Приятели неспешно поднимались и направлялись в ресторан.
Туда, где обитые дубом стены отражали блики огня, пылающего в камине, где свечи на столиках горели ровно, словно вбитые огненные гвозди, не колеблясь даже на сквозняке, туда, где на стене напротив входной двери висели огромные муляжи кроликов, и в их стеклянных глазах тоже плясал огонь, туда, где запах жаркого перекрывали пряные травяные запахи, так что легко было представить, будто обедаешь на лугу, словно устроили пикник на природе, туда, где портрет высокой кареглазой женщины, «королевы Бесс», по утверждению ресторатора, был похож на жену самого хозяина, розовощекую, сдобную, всю в мелких кудряшках.
Итак, они заходят в «Три кролика…» и шествуют к своему столу – в глубине залы, у самого камина. Хилый Эмиль садится спиной к огню (малышом его кличут не столько за малый рост, сколько за милую привычку с патетическим видом вещать глупости), грузный де Линт не садится, а по-медвежьи, всей грудью валится на свою часть стола и тотчас цепко хватается за кружку. Бюфон сидит обычно, скрестив ноги, как нервный господин, ожидающий врача; его глаза, близорукие, но живые, перебегают с одного предмета на другой, нигде подолгу не задерживаясь. Это, пожалуй, похоже на «кошачьи глазки» – модные часы с маятником, в такт движению которого глаза на вырезанной из дерева кошачьей морде бегают туда– сюда, туда-сюда.
– А как, позвольте спросить, расположился г-н Мопассан? – С комфортом, друг мой, с комфортом.
Утром ему стало плохо. Неизвестно, что явилось причиной – несвежая или слишком жирная пища, или приступ давления – вставая с кровати, он ощутил жгучую боль, волной поднимающуюся из желудка к горлу. Упав в бессилии на перину, он перегнулся через край кровати и попытался подставить ночную вазу – но не успел.
Рвота расколола его пополам, заставила корчиться и изгибаться подобно выброшенному на берег морскому животному. Густой поток хлынул из глотки, из носа, кажется, даже из ушей, пятная великолепный ширазский ковер; при этом в вазу угодило лишь незначительное количество его извержений.
Он долго не мог успокоиться; даже после опустошения его корчило, выворачивало сухими судорогами.
Служанка, которую он отпустил на свадьбу сестры, не придет – во всем доме он один, больной, беспомощный.
«Вы горгулья, мосье, – пошутил Анри над собой. – Проржавевшая насквозь, изломанная дожделейка». Не находя сил подняться, он так и лежал на животе, обозревая результаты своего приступа.

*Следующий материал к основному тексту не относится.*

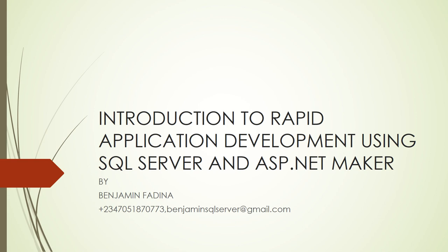Hello, good morning. Welcome to Lesson 9 of the course Introduction to Rapid Application Development using SQL Server and ASP.NET Maker. I am Benjamin Fadino.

Ночная ваза – тяжелое, старинное изделие вольтеровских времен, украшенное позолотой, с узорами из переплетающихся листьев и цветочных бутонов, – запестрела красными сгустками. Может, это кровь? Мопассан стал вспоминать, когда последний раз у него шла горлом кровь.
Давненько, не сказать точно.
И ковер испорчен. Право, какое унижение чувствовать слабость во всех членах и неспособность подняться на ноги.
Старость? – Кого ты обманываешь, Анри. Это всего лишь смерть, пунктуальная, серьезная дама, дает первый звонок, как в театре. Ты должен спешить, чтобы занять свое место, а вместо этого все еще мешкаешь в буфете, увлеченно заталкивая в рот безе. Стыдно, брат!
Молю вас, мадам, подождите немного, я сейчас, я не посмею опоздать…
Бледный свет с трудом пробивается сквозь кремовые гардины, и на розовые обои, которые когда-то казались верхом изящества, а сейчас вызывают скуку, и на тяжелую, добротную мебель времен Луи-Филлипа ложится как бы легкая белая дымка.
Оттого и представляется происходящее фальшью, сном, оттого и ведет он себя, будто во сне: голова – чугунное ядро, мышцы одеревенели, слова, рождаясь в недрах души, вылезают из губ немощными, отвратительными уродцами.